Date: 2004-12-04 21:23
Subject: not much to see here, just a self-reminder.
so, regular readers of this journal would probably note that i often vacillate between being bored off my ass and not really knowing how to keep myself occupied and between being completely overloaded with shit to do that i really just don't feel like doing. i think, for a moment, at least, i'm happy to say that i've acheived a state which is neither of those. overloaded with shit to do - yes - but it's all shaping up to be stuff that i want to do. i'm not sure if it's because the semester is coming to a close and i'm freeing up neural cycles to do other things, or if maybe it's just the alignment of the planets, but there's a ton of cool shit in the queue these days. a short list, as a reminder to myself...

...the pigskin project
...searching for chicken little
...r/t video contest
...poketron (no, not pokemon)
Music: INXS - Never Tear Us Apart
Mood: hungry


Date: 2004-12-06 16:00
Subject: die, evil dog-like creature!
Quiz name: Which absurd cat are you?
Result: You scored as Pissed at the World Cat
What's it mean: And here we have the next serial killer.

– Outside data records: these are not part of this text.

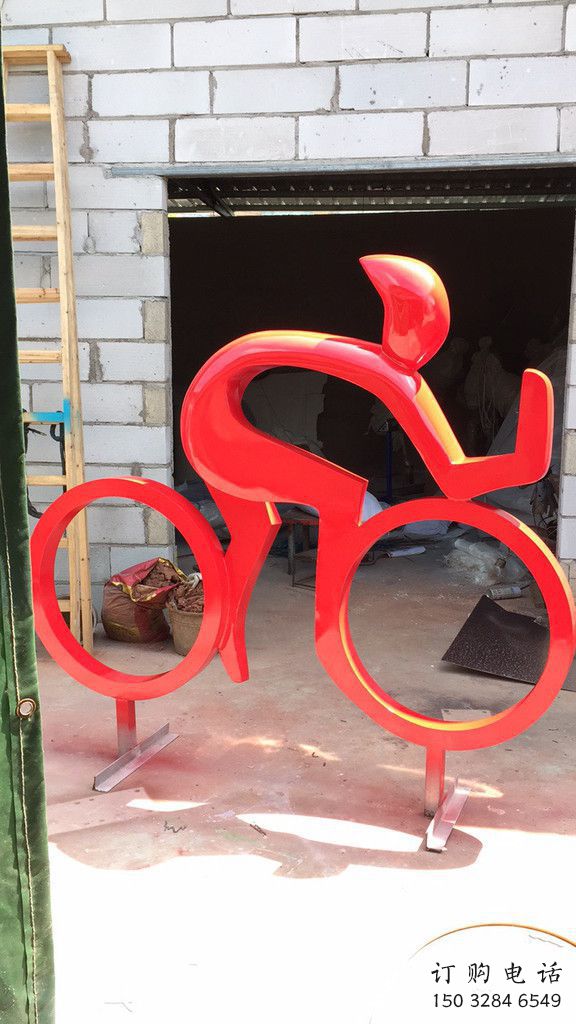 街道賽車雕塑廠家 現(xiàn)代擺件 烤漆不銹鋼賽車雕塑定制 街道賽車雕塑廠家 現(xiàn)代擺件 烤漆不銹鋼賽車雕塑定制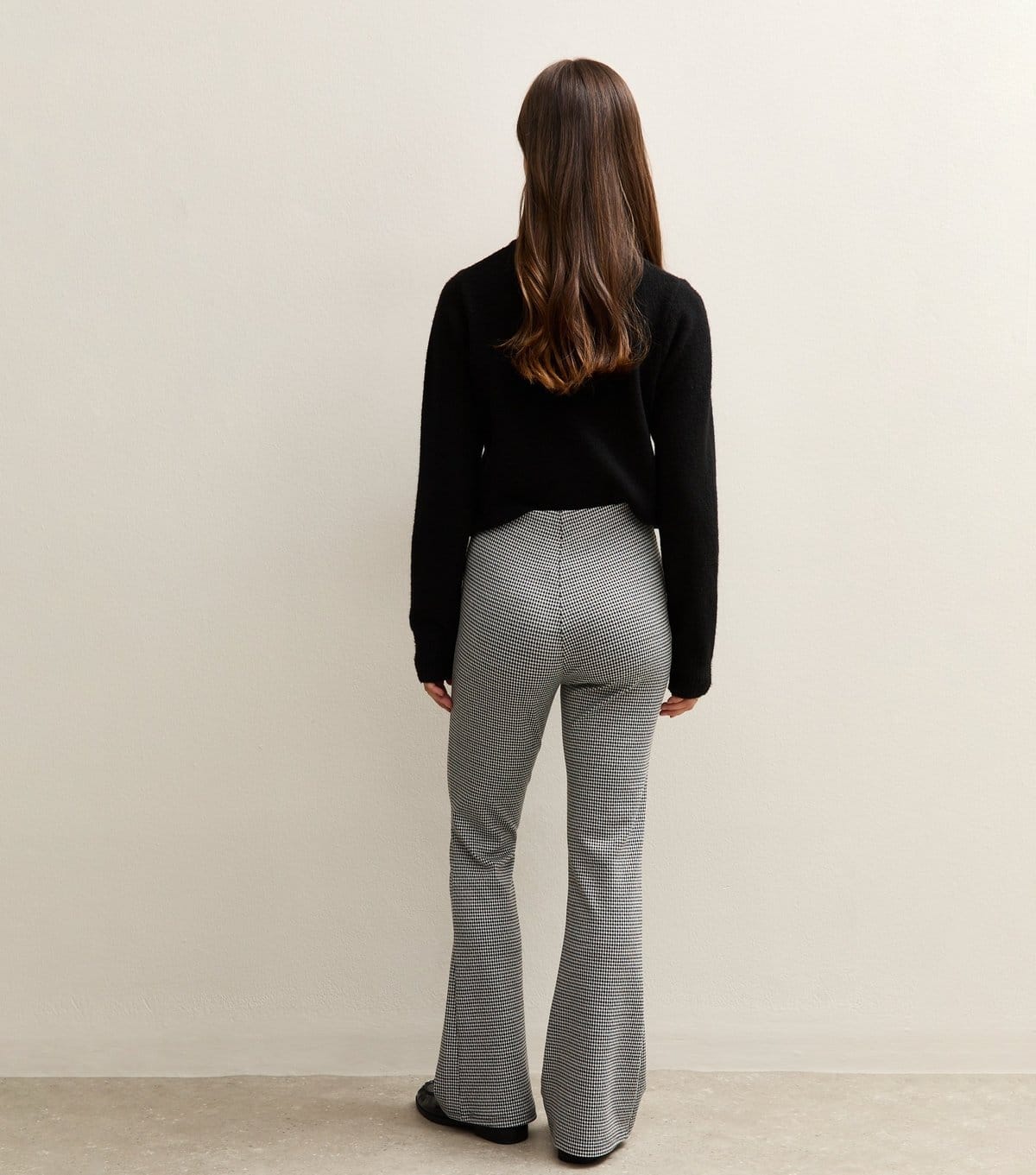 New Look Women's Petite Black Dogtooth Check Flared Trousers New Look - 4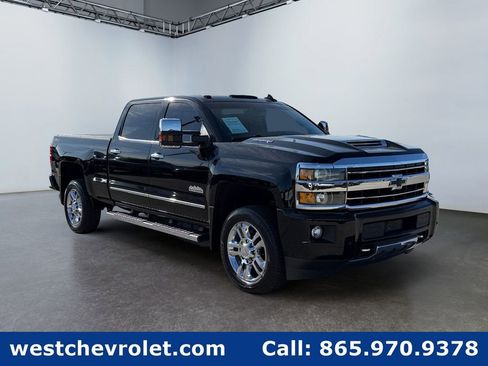 Used 2019 Chevrolet Silverado 2500 High Country w/ Duramax Plus Package AWD/4WD image 1
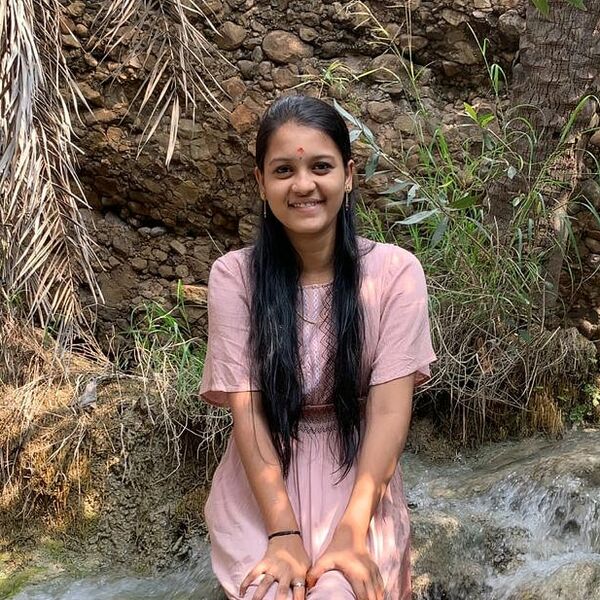 File:Mallesangeethareddy profile pic.jpg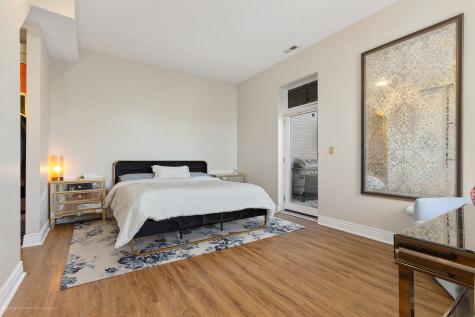 2409 West Catalpa Avenue Chicago IL 60625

Try having some cotton candy, it'll make you feel all warm and fuzzy inside, Psycho.


Date: 2004-12-09 15:58
Subject: 1 down, 3 to go, so pissed off!!!
i walked out of the crypto final thinking that i'd easily scored in the upper 90% range. then i thought about it a little more, and i realized that once again, dumbfuck mistakes had bitten me in the ass. i knew how to do every problem on the exam, but for some reason which will forever remain a mystery, i wrote down 199-1 = 190 - and of course, this fuckup blew the computations for the entire rest of the problem. then i realized another mistake of a similar nature on a different problem. in both cases, i knew the theory behind the problem, but stupid fucking first-grade arithmetic kicked me in the balls. if this were an exam done in the math testing center with unlimited time, i'd have had the time to check my work and catch these errors. but noooo.... time crunch on math exam make ravyn become stupid!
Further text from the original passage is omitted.